Anne van Kesteren

HTML5: custom data

4 April 2008

Sometimes HTML is not enough and you need a mechanism to include some custom data into the document. In 2005 Validating a Custom DTD was published on A List Apart and illustrated how you could add custom attributes to HTML and have them validate. The problem with the approach outlined in that article is that DTDs are a thing from the past and that only the W3C validator cares about them. (Newer validators, such as Validator.nu, don’t have this issue.) Browsers ignore DTDs and the only reason they still look at the doctype of a page is to determine the rendering mode. So if you add a custom DTD and add a required attribute to the browser that will look as if you added a required attribute to HTML. Now if a future version of HTML introduces an attribute with the same name, but with different semantics, your page might behave slightly weird in future browsers.

There is a custom data proposal for HTML5 that allows authors to add custom data to their pages without interfering with future extensions to HTML. The idea is that all attributes starting with data- are reserved for Web authors and they can do whatever they like with them. (They are not intended for browser extensions, et cetera.) In addition there will be a DOM attribute dataset that will allow easier access to these attributes. For an attribute data-opacity you can access that using dataset.opacity instead of having to use getAttribute("data-opacity") and setAttribute("data-opacity", x).

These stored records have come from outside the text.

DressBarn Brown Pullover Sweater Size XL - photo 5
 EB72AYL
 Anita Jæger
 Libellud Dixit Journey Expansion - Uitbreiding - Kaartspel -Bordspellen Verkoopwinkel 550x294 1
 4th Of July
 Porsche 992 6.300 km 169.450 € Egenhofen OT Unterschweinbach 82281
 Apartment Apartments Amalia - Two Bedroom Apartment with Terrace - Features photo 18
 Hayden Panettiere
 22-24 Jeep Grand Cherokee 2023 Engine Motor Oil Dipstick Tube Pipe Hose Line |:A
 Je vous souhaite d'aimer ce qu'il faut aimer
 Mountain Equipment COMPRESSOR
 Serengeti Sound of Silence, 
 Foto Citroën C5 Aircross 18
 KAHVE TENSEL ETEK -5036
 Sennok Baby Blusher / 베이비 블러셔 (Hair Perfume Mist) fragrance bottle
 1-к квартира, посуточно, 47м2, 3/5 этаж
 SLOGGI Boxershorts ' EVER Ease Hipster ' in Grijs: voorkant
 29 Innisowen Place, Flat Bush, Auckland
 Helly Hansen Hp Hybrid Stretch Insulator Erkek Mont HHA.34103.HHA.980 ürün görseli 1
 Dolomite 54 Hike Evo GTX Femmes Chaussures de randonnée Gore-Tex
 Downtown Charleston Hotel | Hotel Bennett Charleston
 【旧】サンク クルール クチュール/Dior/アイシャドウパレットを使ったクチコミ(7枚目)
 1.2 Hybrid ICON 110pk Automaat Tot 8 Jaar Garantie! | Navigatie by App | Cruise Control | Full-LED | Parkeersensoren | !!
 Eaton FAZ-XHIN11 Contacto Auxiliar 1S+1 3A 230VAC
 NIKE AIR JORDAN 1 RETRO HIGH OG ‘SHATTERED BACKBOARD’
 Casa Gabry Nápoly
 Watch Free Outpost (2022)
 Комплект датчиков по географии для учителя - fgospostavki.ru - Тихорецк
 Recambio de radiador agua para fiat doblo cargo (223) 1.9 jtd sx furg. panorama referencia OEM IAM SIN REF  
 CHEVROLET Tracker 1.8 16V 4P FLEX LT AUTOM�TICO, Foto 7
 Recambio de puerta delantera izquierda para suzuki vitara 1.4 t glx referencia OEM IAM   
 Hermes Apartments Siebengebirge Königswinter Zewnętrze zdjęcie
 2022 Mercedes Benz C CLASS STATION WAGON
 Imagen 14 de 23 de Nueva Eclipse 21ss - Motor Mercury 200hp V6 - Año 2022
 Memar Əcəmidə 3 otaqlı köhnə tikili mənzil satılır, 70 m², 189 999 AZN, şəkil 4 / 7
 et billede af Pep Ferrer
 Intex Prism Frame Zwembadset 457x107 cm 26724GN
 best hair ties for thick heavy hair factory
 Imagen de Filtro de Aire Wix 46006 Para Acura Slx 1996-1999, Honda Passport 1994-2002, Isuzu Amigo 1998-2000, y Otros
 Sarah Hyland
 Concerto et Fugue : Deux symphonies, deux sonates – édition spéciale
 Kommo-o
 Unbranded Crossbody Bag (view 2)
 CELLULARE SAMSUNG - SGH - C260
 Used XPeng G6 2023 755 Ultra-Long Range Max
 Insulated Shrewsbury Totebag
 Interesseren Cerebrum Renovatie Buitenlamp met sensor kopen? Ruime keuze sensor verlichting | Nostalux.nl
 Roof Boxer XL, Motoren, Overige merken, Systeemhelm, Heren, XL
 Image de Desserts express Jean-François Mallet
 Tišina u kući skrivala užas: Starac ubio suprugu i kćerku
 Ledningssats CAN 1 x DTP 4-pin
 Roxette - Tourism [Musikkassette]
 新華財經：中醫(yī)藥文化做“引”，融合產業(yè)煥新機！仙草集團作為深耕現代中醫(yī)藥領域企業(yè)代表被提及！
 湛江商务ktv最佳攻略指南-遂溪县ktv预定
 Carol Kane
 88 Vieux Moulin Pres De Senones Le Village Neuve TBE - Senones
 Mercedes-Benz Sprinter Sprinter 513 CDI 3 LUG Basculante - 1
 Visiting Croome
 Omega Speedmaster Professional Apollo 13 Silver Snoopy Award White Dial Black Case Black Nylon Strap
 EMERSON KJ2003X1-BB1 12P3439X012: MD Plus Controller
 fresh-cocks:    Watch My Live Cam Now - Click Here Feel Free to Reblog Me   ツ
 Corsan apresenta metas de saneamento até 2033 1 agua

Namespaces were considered, but integrating them in the existing HTML environment is harder and they would also make it harder to author.

Now in the specification: embedding custom non-visible data.

Comments

DTDs are a thing from the past and that only the W3C validator cares about them

I'm not sure I fully agree with this statement. I still see DTDs frequently used in XML documents; they're primary use lies in the ability to define named character entities. The original HTML4 specification defined its named character entities using DTD catalogs. If what you say is true for HTML5, this means that named character entities are become a "part" of the language itself, and they aren't coming from DTDs anymore. Is this the case?
Posted by Edward Z. Yang at 2:19AM
Yes. (It has been true for HTML as a language practiced on the Web for quite a while now so making that more formal makes sense.)
Posted by Anne van Kesteren at 2:38AM
Wouldn’t it be better to just ask the user to prefix their custom attributes, like CSS does?
I did that recently in a control I created, I needed to store a databound ID on various parts of the HTML inside, which I did using a btl_data-id attribute (btl being the prefix here). Seems better than only allowing the data- prefix, which seems unnecessarily restrictive and have a greater potential of conflicts when running several controls from different frameworks/authors alongsite.
Or, maybe adding accessor methods for RDFa to the HTML DOM would provide the desired functionality (just a wild thought that I didn’t think very carefully about!).
~Grauw
Posted by Laurens Holst at 6:50AM
Laurens, I think you'd right that as data-btl-id if you wanted to follow the data-foo proposal.
Posted by Ben 'Cerbera' Millard at 1:45PM
Fantastic idea.
Posted by Andrew Dupont at 1:50PM
Laurens, that would also force usage of the underscore. On top of that it becomes more difficult for authors to figure out what they have to do. As for RDF, that would be an order of magnitude more complicated and go far beyond what is actually needed as solution here.
Posted by Anne van Kesteren at 2:40PM
That sounds like an excellent idea and a solid implementation!
Posted by James John Malcolm at 7:37PM
I don't understand why there is a new syntax for accessing these attributes. I think it's more anoying than useful to bind data-opactity to dataSet.opacity (dataSet-opacity will be more accurate). That remember me the "imcompatibilities" in binding some css property in javascript. And why don't simply use the already existing getAttribute() and setAttribute(). You are introducing another point of confusion.
Posted by François Piat at 9:14PM
How about x- instead of the verbose (and not always appropriately named) data-? The corresponding DOM object could be called extattr instead of dataset, which too is less inaccurate in various cases.
Posted by Aristotle Pagaltzis at 9:32PM
I'm liking X/HTML 5 more and more all the time. I didn't like it in the beginning.
Posted by Devon Young at 4:09AM
François, it is mostly for ease of authoring and encouraging authors to use these attributes instead of attributes that might clash with future versions of HTML.
Aristotle, the problem with that is that the attributes are not experimental, which is what x- is often used for. They are simply representing custom data.
Posted by Anne van Kesteren at 4:42AM